En quoi cela est-il important ? Les géologues uniformitaristes acceptent que toutes les couches rocheuses exposées dans le Grand Canyon partagent des origines aqueuses, à l'exception du grès de Coconino qui conserve les traces reptiliennes. Ils se demandent comment le Déluge a pu expliquer les roches soufflées par le vent. Le géologue de la création Steve Austin a, en 1994, posé la problématique suivante : « Comment aurait-il pu y avoir une période de sécheresse, des conditions désertiques au milieu de l'année du déluge, quand » toutes les hautes collines qui étaient sous le ciel entier, étaient couvertes d'eau « (Genèse 7:19) » ? (1)

 

Quiconque admet que les dunes de sable de Coconino ont en fait été déposées par les eaux rapides ouvre la possibilité d'origines aqueuses pour toutes les couches du Grand Canyon. Et cela laisserait le Déluge de Noé à flot.

 

Ces traces détaillées de reptiles réfutent clairement un grès de Coconino déposé par le vent.

 

Quand j'ai photographié les traces de reptiles Coconino du Grand Canyon au bord du fleuve Colorado, les traces de lézards chuckwalla vivants dans les dunes de sable sèches voisines m'ont fourni une comparaison pratique. Les chuckwallas ont laissé des traînées de queue et des divots de pied sans caractéristiques, mais pas d'empreintes d'orteils. Les traces de Coconino montrent des orteils dans ce qui devait être du sable humide juste avant que les grains ne se cimentent et ne deviennent du grès.

 

L'idée qu'une créature à quatre pattes ait fait ces traces de Coconino dans le sable mouillé n'a pas commencé avec moi.

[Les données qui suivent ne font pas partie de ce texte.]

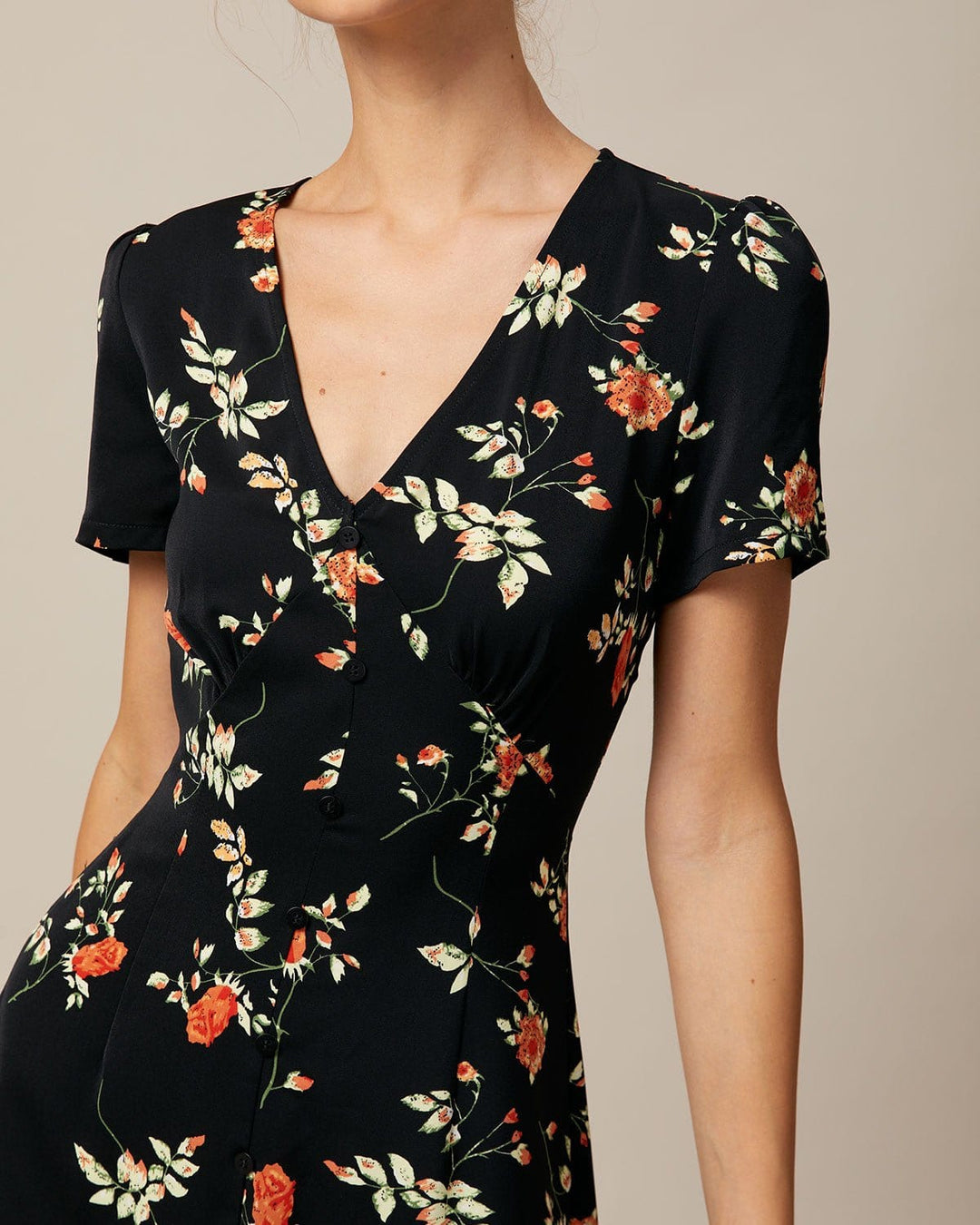 Morgan and Brooke | Black Floral V Neck Mini Dress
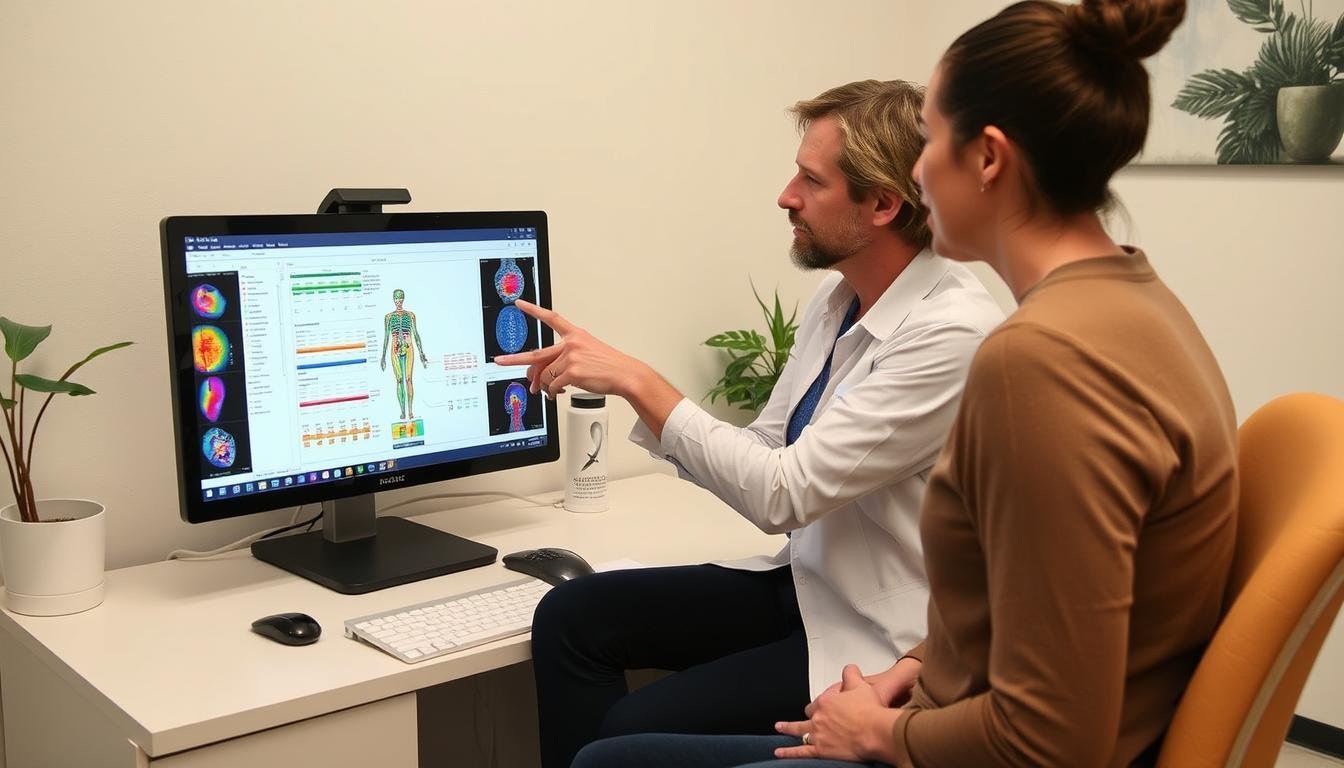Terapeuta omawiający wyniki badania biorezonansem z pacjentem Terapeuta omawiający wyniki badania biorezonansem z pacjentem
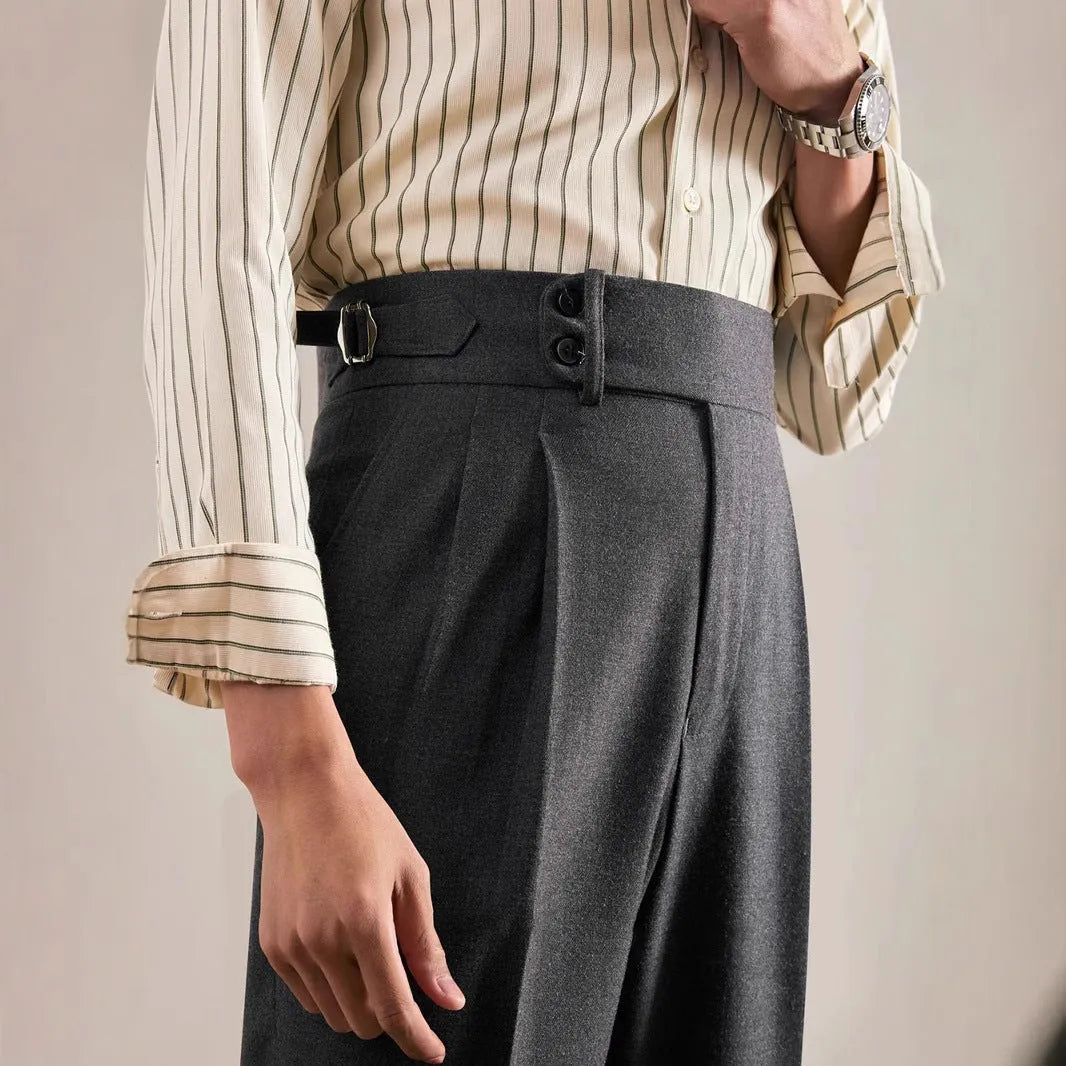 Paris buckle straight suit trousers in black polyester micro-elastic fabric with adjustable waist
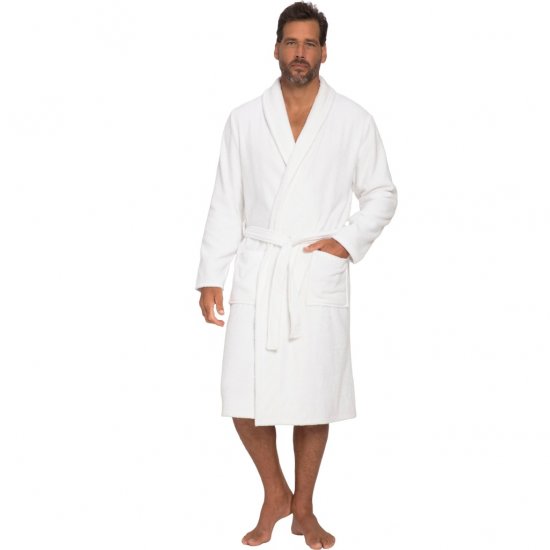 JP1880 Bathrobe Extra Soft Terry Cloth White - Alsónemű & Strandruhák - Nagyméretű Alsónemű 2XL-8XL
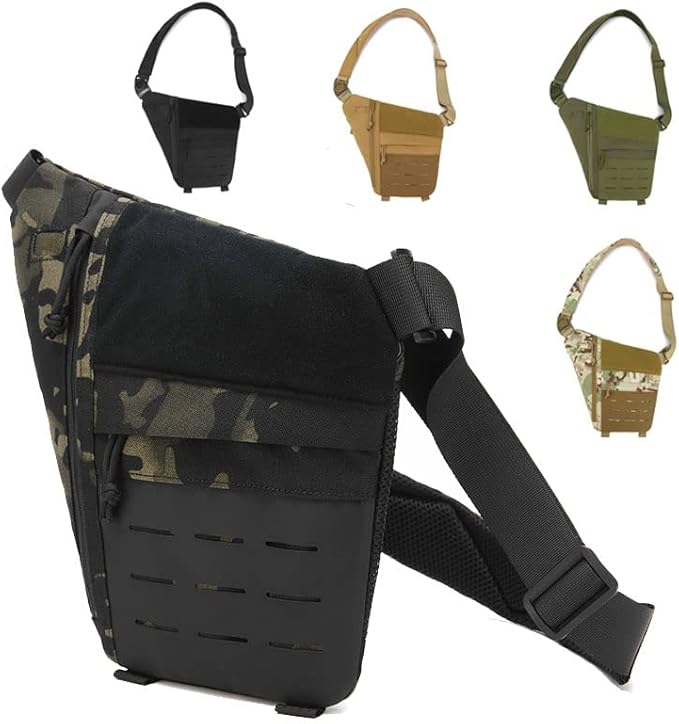 Outdoor Sports Gear Combat Hiking Pack Camouflage Kit Pouch Tactical Chest Sling Bag- Tan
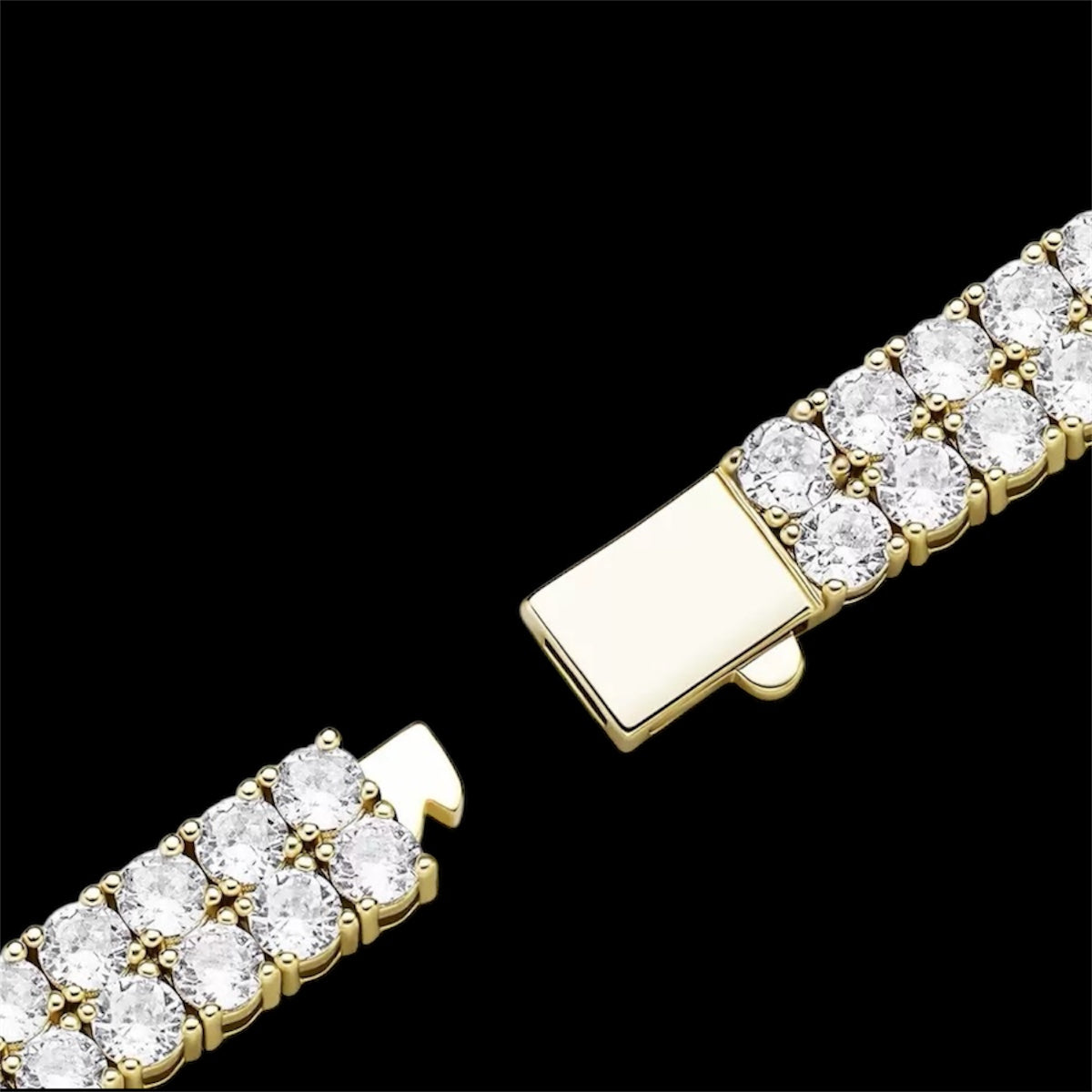10mm Gold Plated Double Row Tennis Bracelet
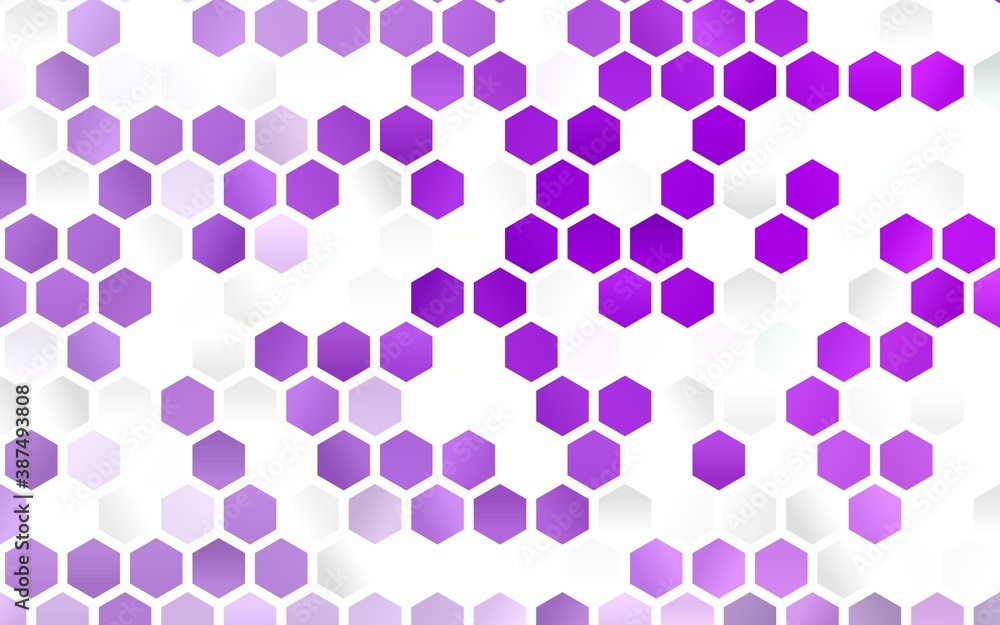 Light Purple vector cover with set of hexagons.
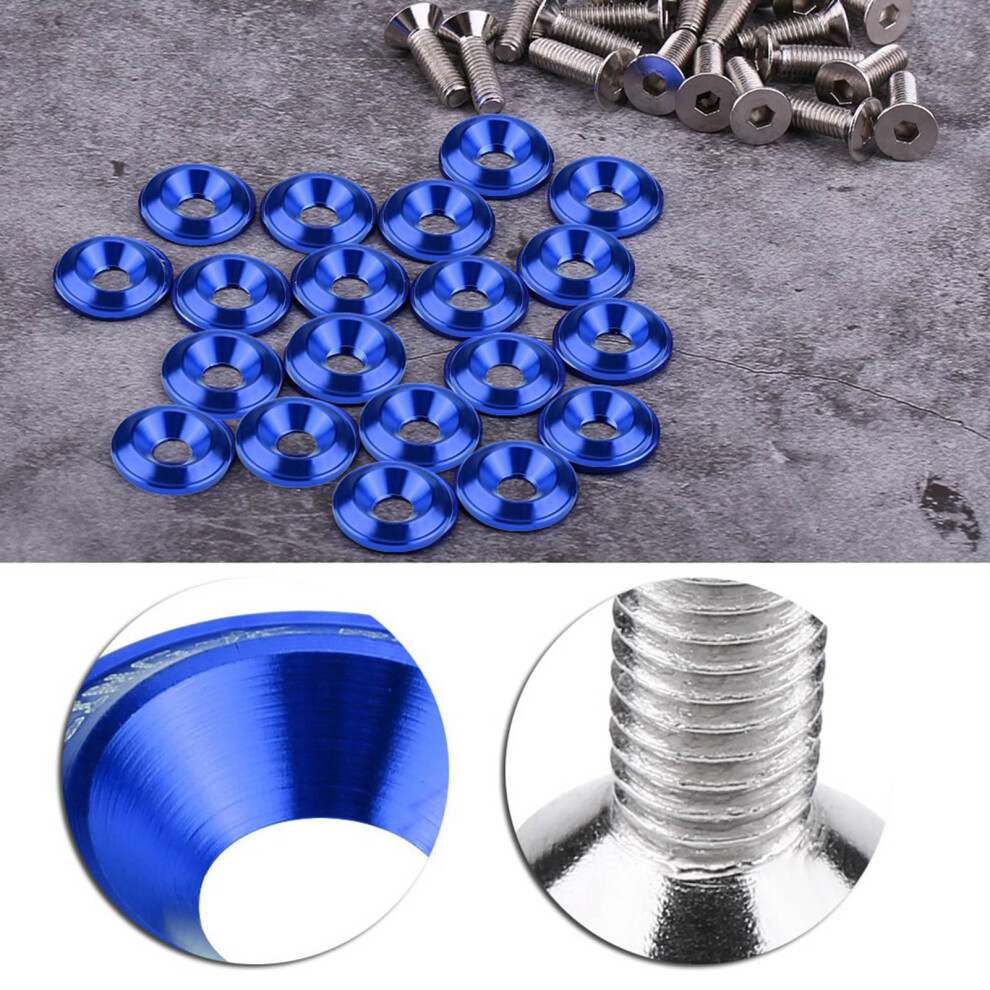 20Pcs Aluminum Bumper/Fender Washer Bolt Kit - Blue, Universal Fit 4101392944357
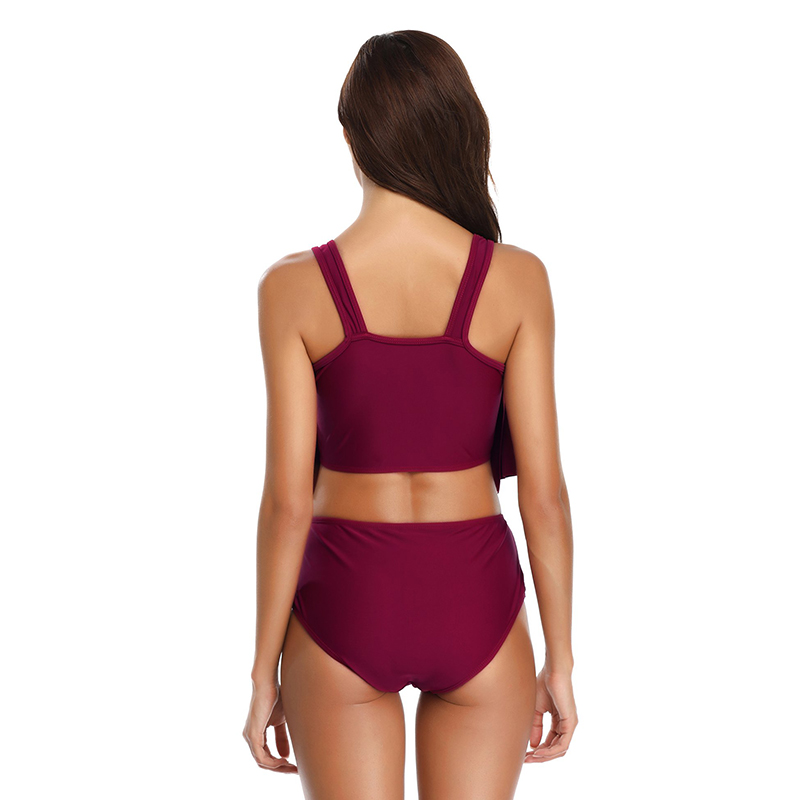Women Swimsuit Swimwear High Waist Push Up Bra Padded ...
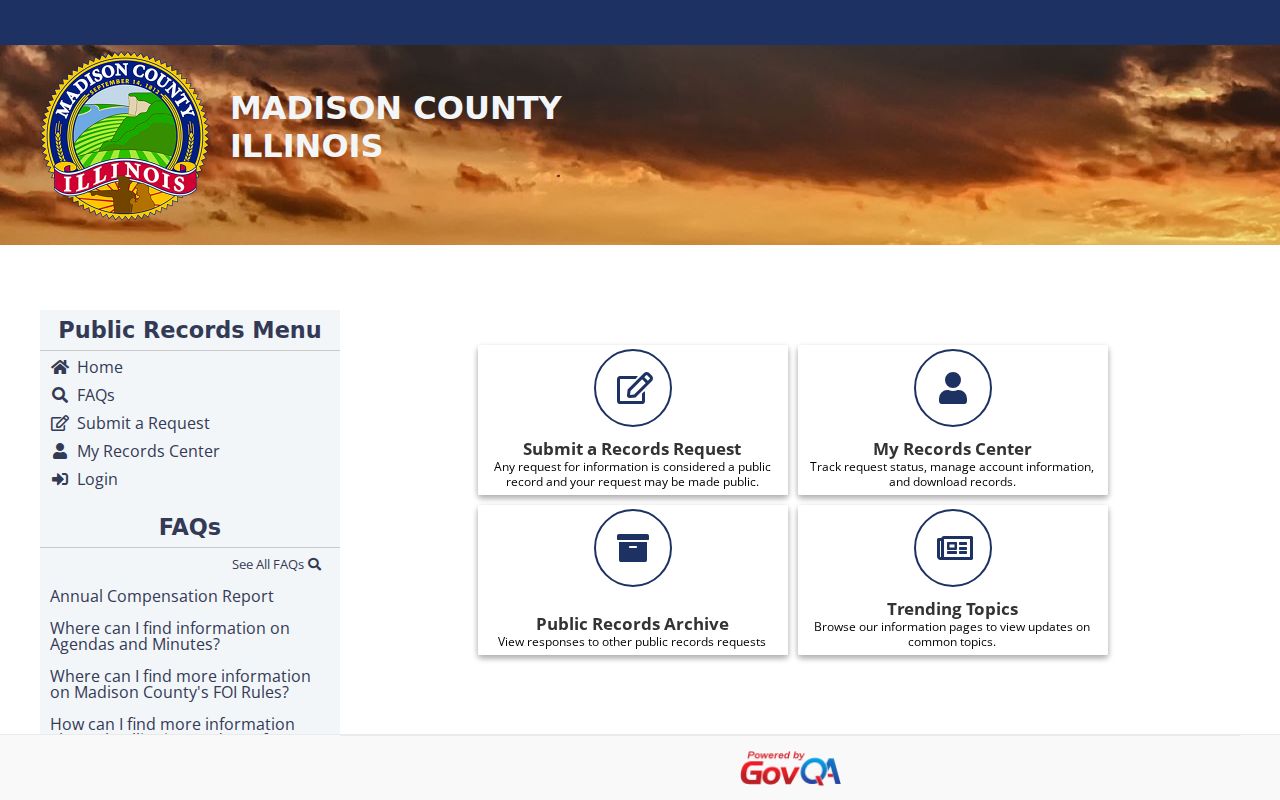 Edwardsville ZIP code directory view of Madison County public records requests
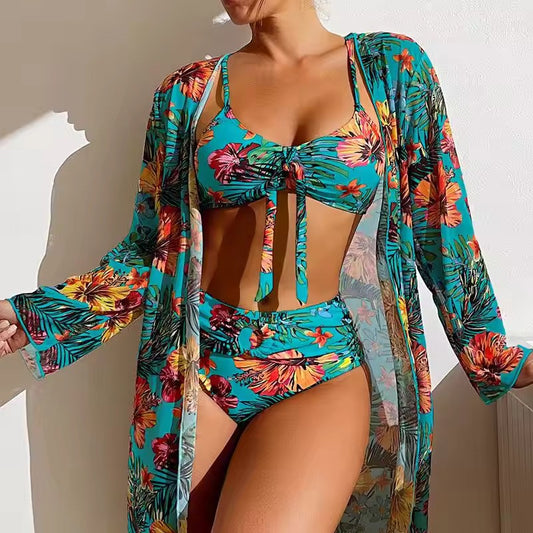 Bikiniset mit hoher Taille und Strandkleid – Amira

Les expériences publiées confirment que les traces de salamandres faites dans les pentes de sable sous-marines correspondent le mieux aux traces de Coconino (2).

 

Stephen Rowland, professeur de géologie à l'Université du Nevada, Las Vegas (UNLV),
a présenté les premiers résultats de sa nouvelle analyse des pistes de grès de Coconino
à la réunion annuelle 2018 de la Society of Vertebrate Paleontology à Albuquerque, Nouveau-Mexique. Il remarqua que le lézard ne marchait pas tout droit sur la dune de sable, mais qu'au lieu de cela, il s'écartait du chemin. Quelque chose l'a poussé de côté alors qu'il essayait de marcher ?

 

Rowland a déclaré à UNLV news : « l'une des raisons que j'ai proposées, c'est que l'animal marchait dans un vent très fort et que le vent le soufflait de côté » (3).

 

Vraiment ? Comment un vent assez fort pour pousser un lézard latéralement pourrait-il ne pas effacer les traces de pas de ce même lézard dans le sable sec qu'il a grimpé ?

 

Rowland a indiqué deux autres possibilités. Peut-être que le lézard a glissé latéralement parce que la dune était trop raide. Si oui, pourquoi le grès ne montre-t-il pas les traces de la créature qui glisse vers le bas de la colline plutôt que les empreintes de pas discrètes montrées ? Ou, peut-être que c'était danser dans un rituel d'accouplement. Sauf qu'il faut être deux pour danser le tango, et que les dalles ne montrent aucun partenaire de danse à proximité.

 

D'une manière ou d'une autre, une origine aqueuse n'a pas été mentionnée.

 

L'eau a déposé le Coconino, pas le vent.(4) L'eau qui a aidé les grains de sable à préserver
les orteils du Permien aurait poussé les petits animaux latéralement alors qu'ils luttaient vers le haut. Encore une fois, ce n'est pas seulement mon idée - elle a été publiée dans la revue profane Geology en 1991.(5)- Pourquoi Rowland, un géologue, ignorerait-il complètement
ce que la principale revue de sa propre discipline dit des pistes du Coconino ?

 

Ces indices détaillés exigent de l'eau et réfutent l'air chaud des partisans anti-Bible.(6) Le déluge de Noé résout le mystère des pistes de Coconino.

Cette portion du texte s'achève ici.